● **Problem description**: Your task is to retype, exactly and without pictures, the line holding "Christelle Buks Deep" and each line that follows it to the end of the entries.

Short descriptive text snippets
================

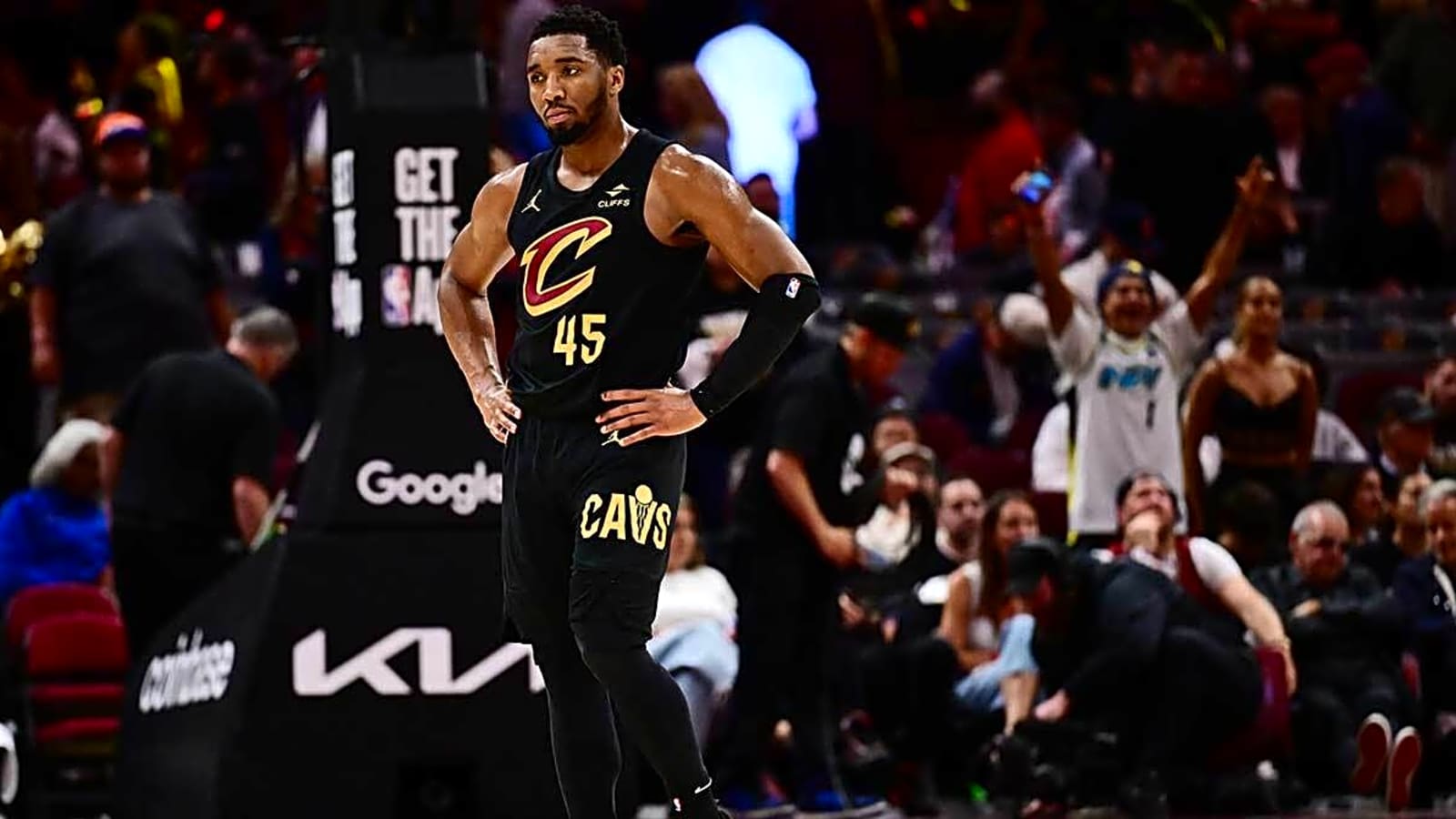 Cleveland Cavaliers 2025 NBA Cup East Group A predictions
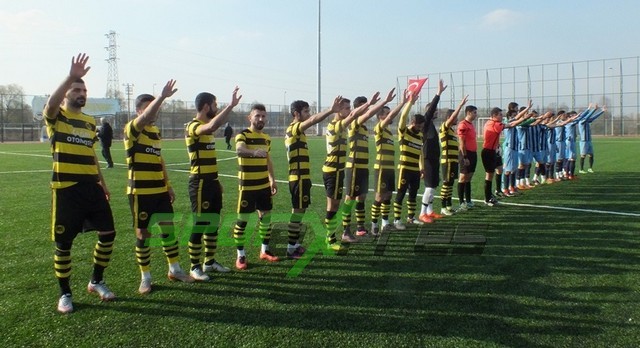As Akyazı-Demirspor:1-0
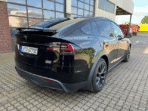 Tesla Model X Plaid – 1.020 CH  Yoke Attelage Full Black – Image 11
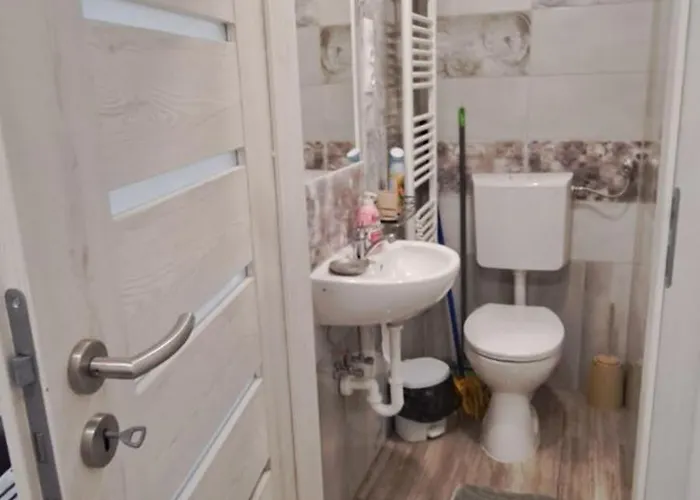 Pompar Belvarosi Apartament *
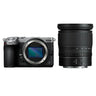 Nikon Z5 IIC Argento + 24-70mm F/4.0 S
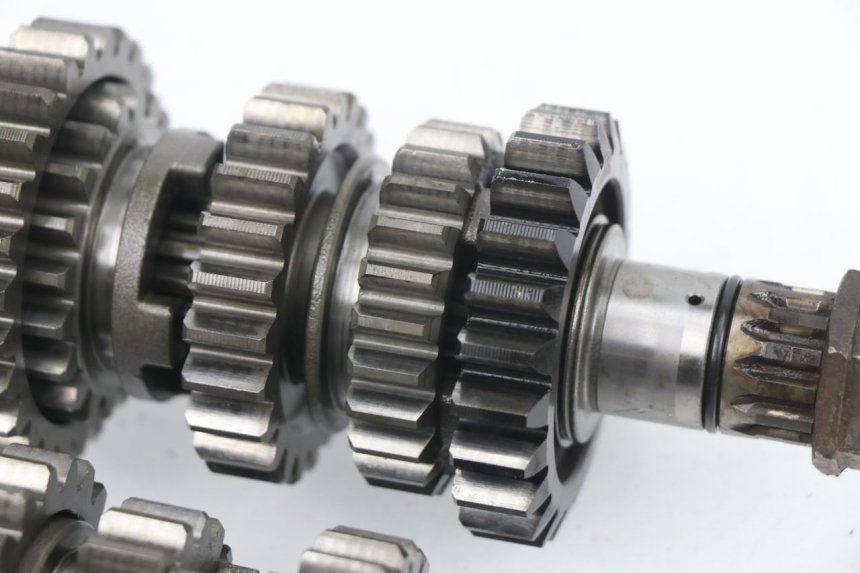 photo de GEARBOX YAMAHA YZF YZ-F 450 (2006 - 2009) - Checked used part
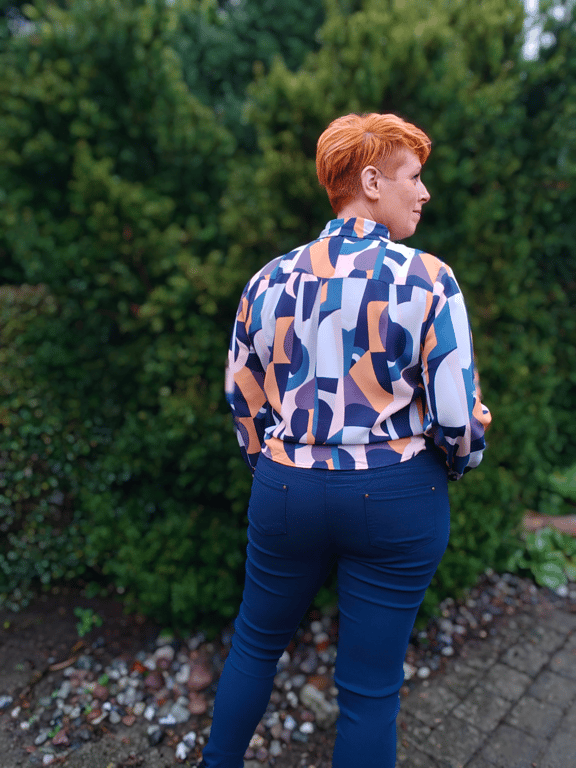 Christelle Buks Deep Blue  billede 2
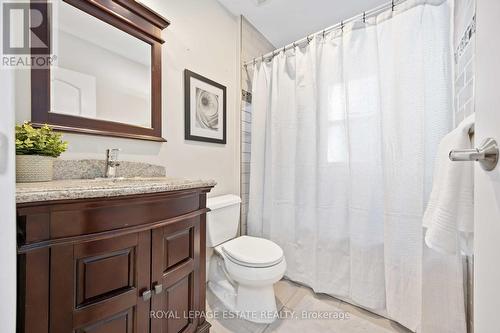 242 Bain Avenue, Toronto, ON - Indoor Photo Showing Bathroom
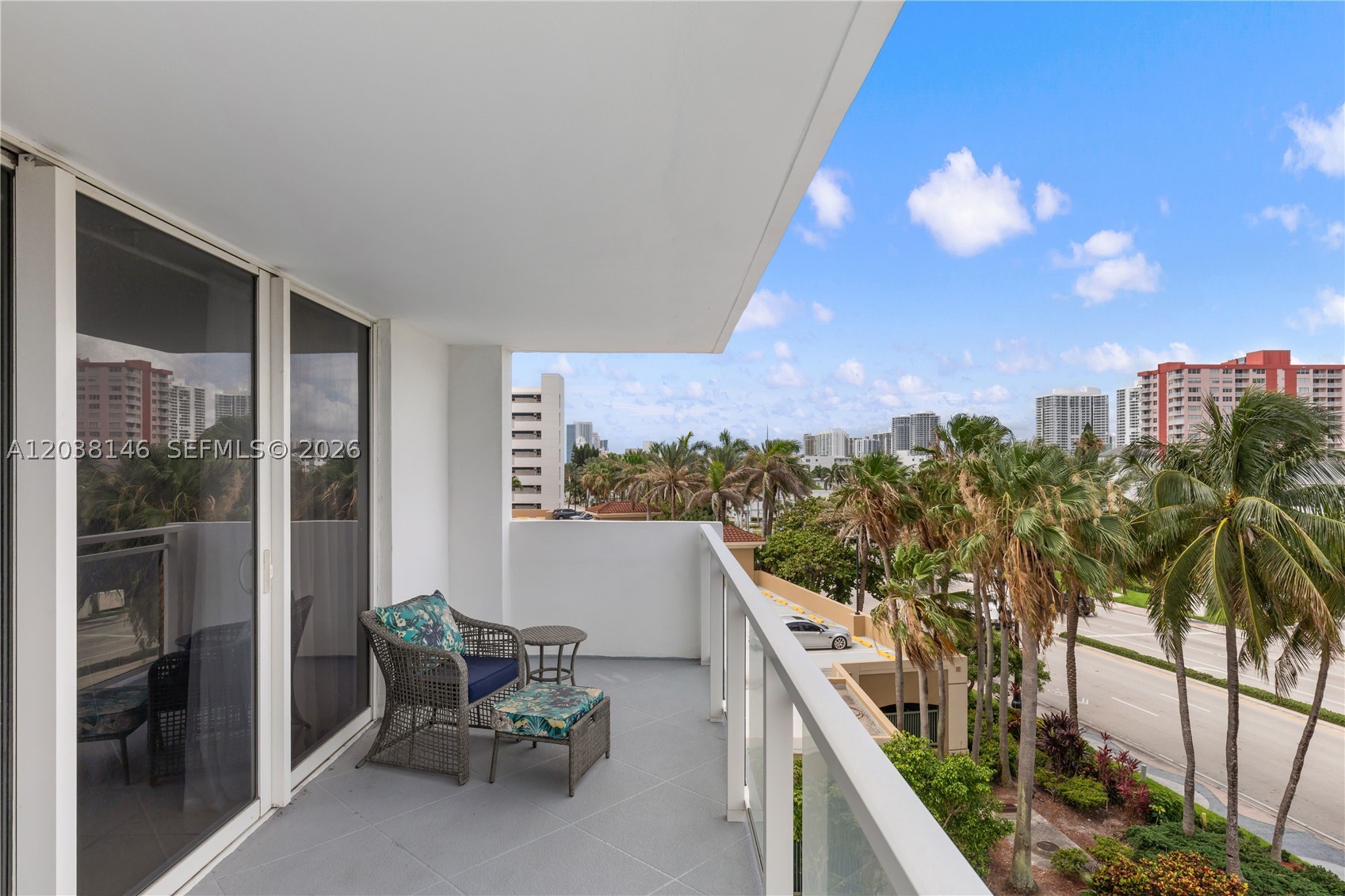 PARKER PLAZA CONDO ESTATE - Residential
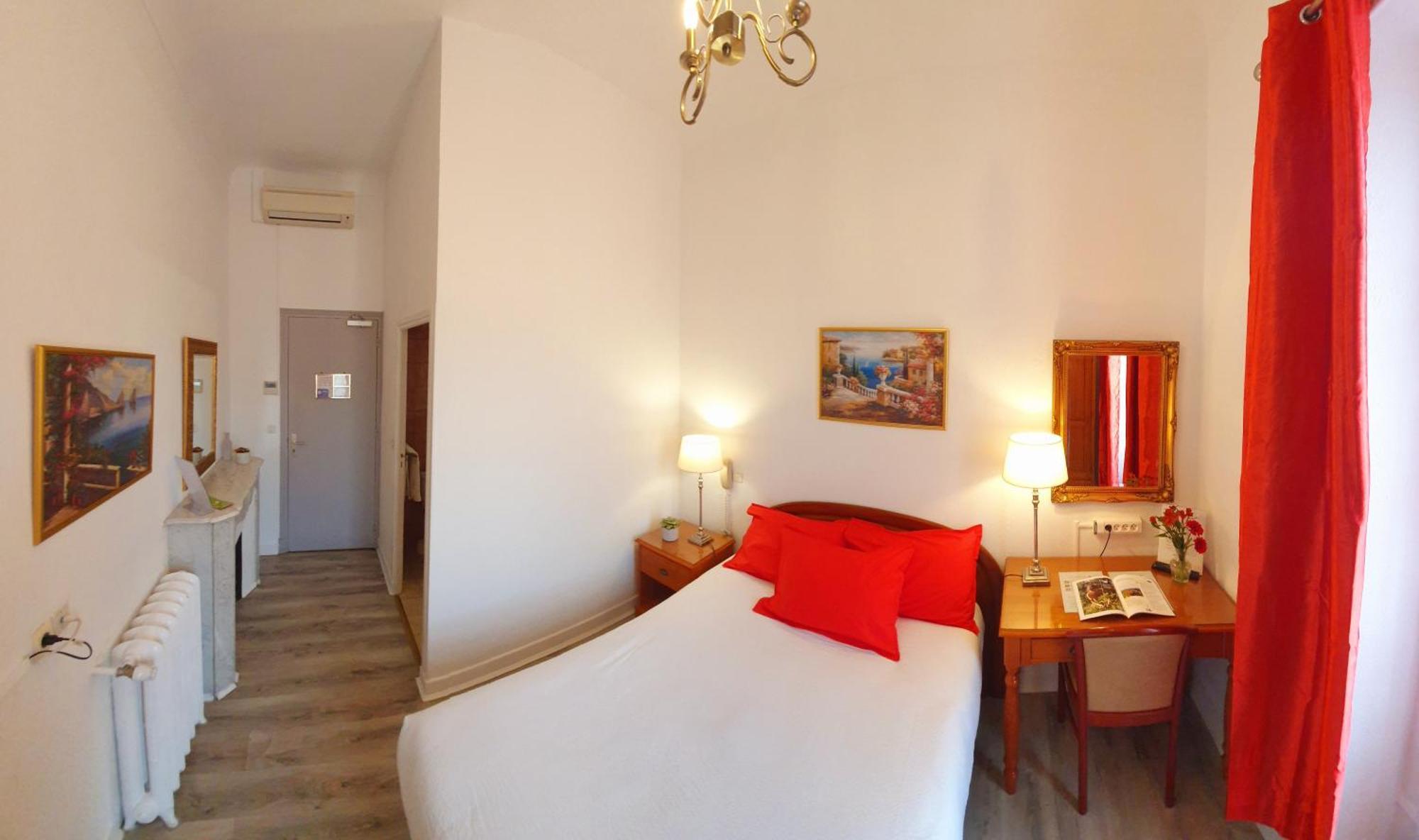 Chambre Double Supérieure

================

● **Response area**:
 Christelle Buks Deep Blue  billede 2
 242 Bain Avenue, Toronto, ON - Indoor Photo Showing Bathroom
 PARKER PLAZA CONDO ESTATE - Residential
 Chambre Double Supérieure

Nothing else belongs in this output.